- Opening Delimiter -

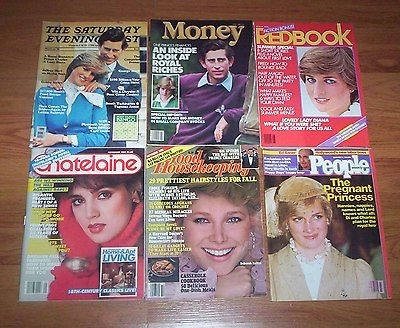 ASSORTED Magazine LOT   DIANA, PRINCESS of WALES   1981   Good 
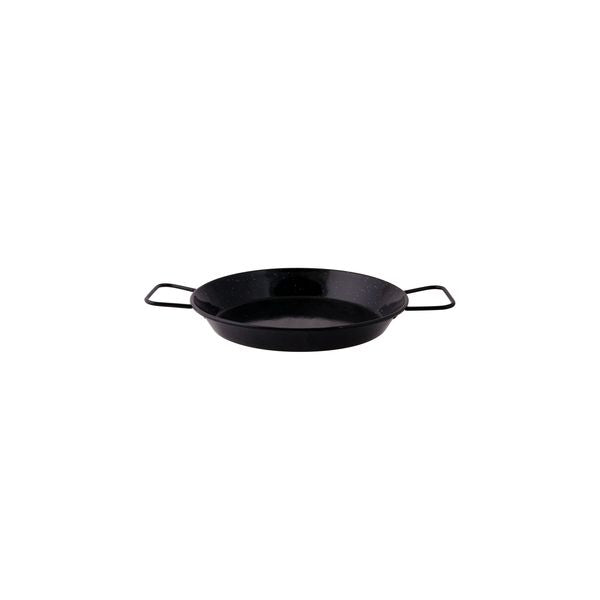 Pujadas Paella Pan - Enamelled Steel (300mm - Black)
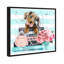 «Doxie Mint Blue», impression sur toile-55908155-55908159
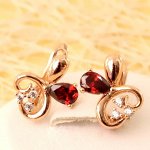 Серьги позолота H01-9001
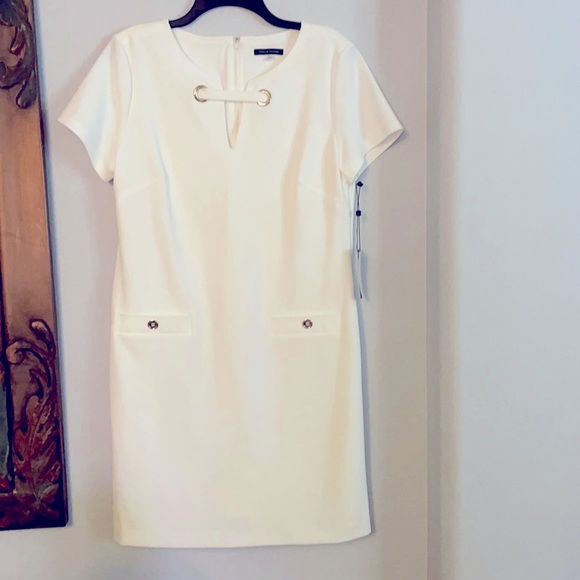 Tommy Hilfiger Dresses & Skirts - TOMMY HILFIGER Scuba Crepe Sheath Dress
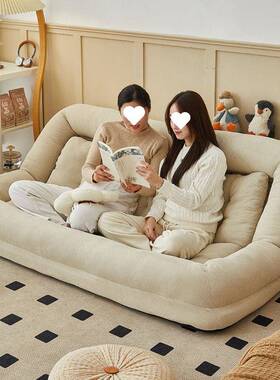 巨型窝NQQ榻榻米人类狗躺折懒人沙发可可睡叠卧室沙发床两用双人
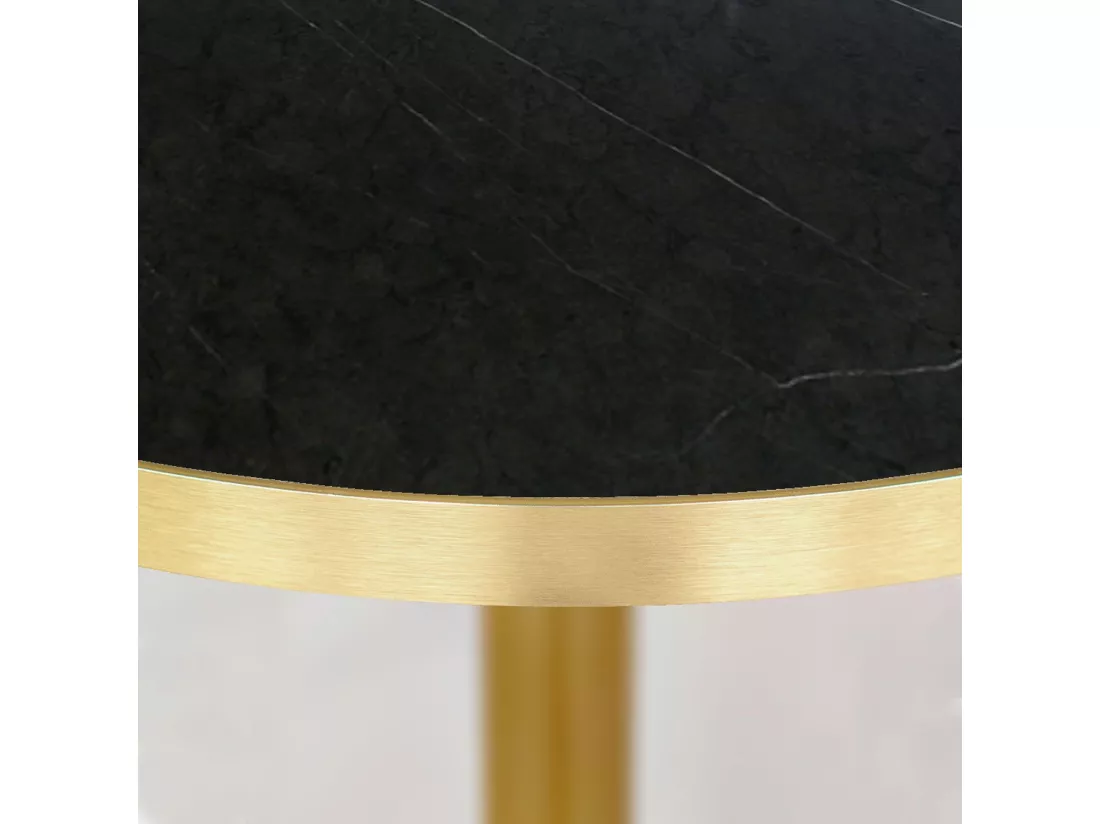 Mange-debout rond Ø 60 cm Rome bistrot pierre noire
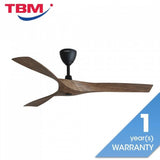 Alkova AXIS 3B/56 OAK/MB Ceiling Fan 56" 3 Blades with Remote Oak Matt Black | TBM Online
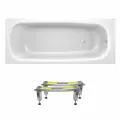 Стальная ванна Sanitana BLB Universal S398019AH000000N (B50HAH001N): металлическая ванна 150х70 см, с шумоизоляцией и ножками, толщина стали 3,5 мм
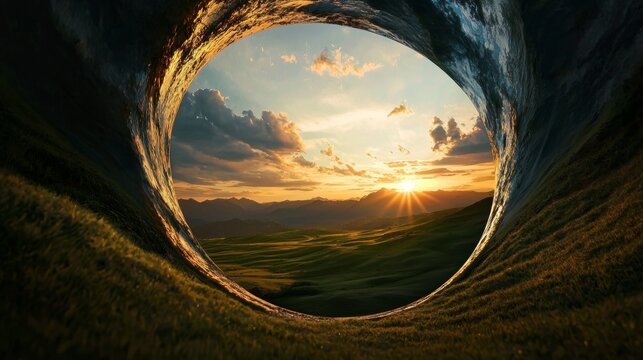 A 360 degree HDR sky map in anime style for virtual environments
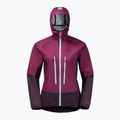 Jack Wolfskin giacca softshell da donna Alpspitze Hoody wild berry 10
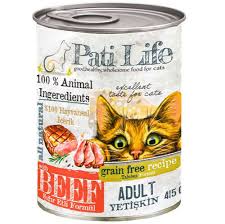 Pati Life Beef Sigir Etli Yetiskin Tahilsiz Kedi Konservesi 415 Gr Kedi Yas Mamalari Pati Life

- Closing Delimiter -

Task requirements - Now repeat exactly the lines from the one with "Серьги позолота H01-9001" through the end of the listing above, both included, omitting all pictures.

Task response -
 Серьги позолота H01-9001
 Tommy Hilfiger Dresses & Skirts - TOMMY HILFIGER Scuba Crepe Sheath Dress
 巨型窝NQQ榻榻米人类狗躺折懒人沙发可可睡叠卧室沙发床两用双人
 Mange-debout rond Ø 60 cm Rome bistrot pierre noire
 Alkova AXIS 3B/56 OAK/MB Ceiling Fan 56" 3 Blades with Remote Oak Matt Black | TBM Online
 Стальная ванна Sanitana BLB Universal S398019AH000000N (B50HAH001N): металлическая ванна 150х70 см, с шумоизоляцией и ножками, толщина стали 3,5 мм
 A 360 degree HDR sky map in anime style for virtual environments
 Jack Wolfskin giacca softshell da donna Alpspitze Hoody wild berry 10
 Pati Life Beef Sigir Etli Yetiskin Tahilsiz Kedi Konservesi 415 Gr Kedi Yas Mamalari Pati Life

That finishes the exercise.